Input₁ = [0.2, 0.5, -0.1, 0.8, 0.3, -0.4, 0.7, 0.1]
CΒΉα΄·β±½ = Input₁ Γ— W_compress = [0.42, 0.38, 0.31] ← Cache this (3 numbers)
vs MHA: Would cache 16 numbers for 4 heads Γ— 2 (K,V) Γ— 2 dimensions

Token 2: "cat"
Inputβ‚‚ = [0.1, 0.7, 0.2, -0.3, 0.6, 0.4, -0.2, 0.5]

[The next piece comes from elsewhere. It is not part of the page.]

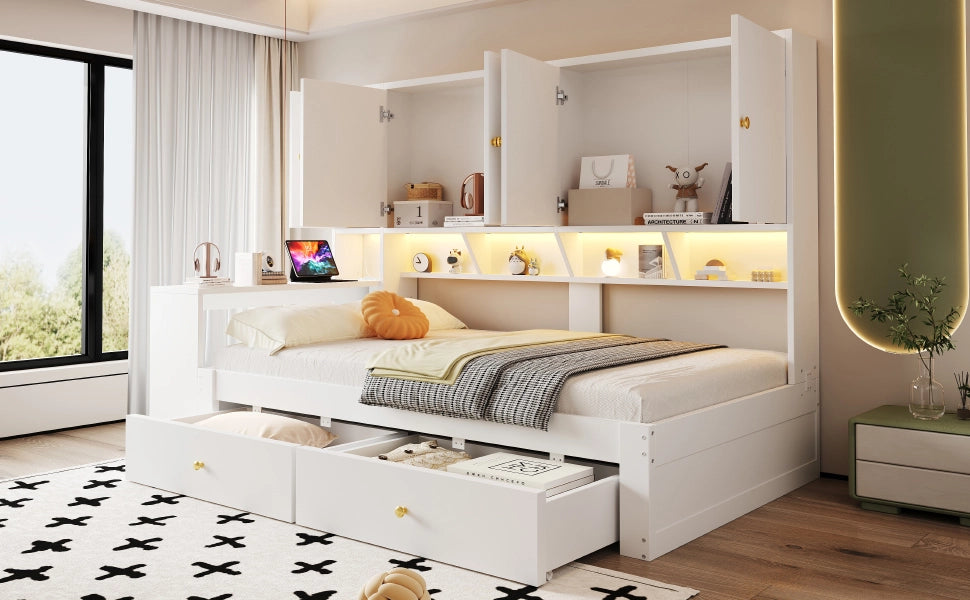 letto multifunzione mdf bianco 95 x 235 cm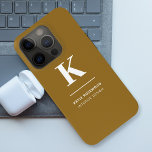 Minimal Gold Elegant Sophisticated Luxe Monogram iPhone 15 Pro Case<br><div class="desc">A minimalist vertical design in an elegant style with a gold feature colour and large typographic initial monogram. The text can easily be customized for a design as unique as you are!</div>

CΒ²α΄·β±½ = Inputβ‚‚ Γ— W_compress = [0.35, 0.47, 0.28] ← Cache this
Cache = [CΒΉα΄·β±½, CΒ²α΄·β±½] = 6 numbers total
vs MHA: Would cache 32 numbers for 2 tokens

When Attention is Needed:
K₁ = CΒΉα΄·β±½ Γ— W_K_decomp = [reconstructed K for "The"]
Kβ‚‚ = CΒ²α΄·β±½ Γ— W_K_decomp = [reconstructed K for "cat"]
V₁ = CΒΉα΄·β±½ Γ— W_V_decomp = [reconstructed V for "The"]
Vβ‚‚ = CΒ²α΄·β±½ Γ— W_V_decomp = [reconstructed V for "cat"]
Then: Normal attention with reconstructed K, V matrices
🎯 The Magic: 6 numbers (MLA) vs 32 numbers (MHA) for same sequence - 5.3Γ— memory reduction with learned optimal compression!